Pascal Schielé, export manager for Bergheim's Gustave Lorentz winery, believes that "Alsace wines are not always easy to understand for consumers and, by adding new stratum, it just makes it even more difficult." The Lorentz winery had argued unsuccessfully for all four noble grapes--Pinot Gris, Riesling, and Muscat--along with Gewurztraminer to be allowed this new stratum.
The INAO also approved the draft for AOC Côtes de Provence Pierrefeu to include red and rosé wines, making it the fourth name for additional AOCs Côtes de Provence.
Antony Collet, head of marketing for InterBeaujolais, has affirmed that 60 percent of its 42,000 acre area has had its soil analyzed with the remainder scheduled for completion in 3 to 4 years. The research is being done with the intent of establishing a vineyard-based system of classification akin to that associated with its Burgundian neighbors in the Cotes de Nuits and de Beaune. "The goal is also to define differences within Beaujolais and Beaujolais-Villages to really show that our wines can be considered seriously, to increase the value to the trade and to consumers beyond merely being good value. Perhaps in 5 to 10 years we may be able to create a 'premier cru' system for the appellation, from which Beaujolais and Beaujolais-Villages might benefit," Collet said.
Beaujolais's top export market remains Japan though that is predominantly with Nouveau, but here Villages accounts for nearly half of what's sold with Nouveau second. While Beaujolais exports grew 2.8 percent last year, U.S. sales were on the ascent for several years until 2011 when they began to dip.

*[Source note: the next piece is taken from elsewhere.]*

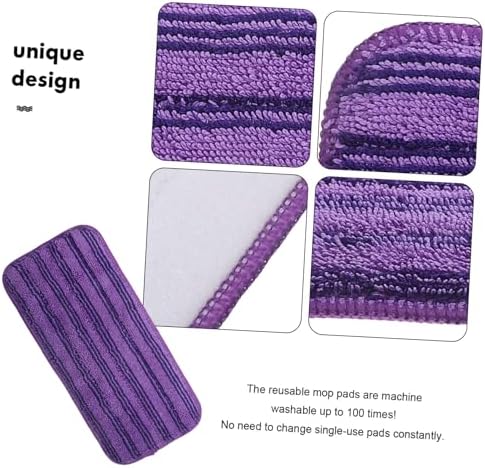 2pc Microfiber Mop Pads for Reusable Cleaning Cloth on Hard Floors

Chile has added three new broad-based, complementary appellations--Costa (coastal areas), Andes (mountain areas) and Entre Cordilleras (between Chile's two mountain ranges). The new areas' statuses were added to its 1994 wine law on Sept. 29, 2012 by Chile's Ministry of Agriculture. The overarching concept was founded upon true climatic parameters rather than topography and latitudinal positions which tend to help areas with greater topographical diversity. Commonly thought of as very warm, Colchagua contained all three areas while regions like Aconcagua, mostly known for its reds, until the new ruling didn't have all its vineyards planted within the necessary topographical variations to qualify for appellation status.
Errazuriz winery's recent coastal plantings of Pinot Noir, Syrah, Sauvignon Blanc, and Chardonnay stand to benefit from the new 'Costa' assignation. According to Carolina Herrera, Viña Arboleda's winemaker, “as our vineyard is located only six miles from the sea, the vines grow under a powerful maritime influence." Wines of Chile's Lori Tieszen told Wine Business Monthly, "the new complementary appellations are voluntary but will begin appear on Chilean wine labels soon."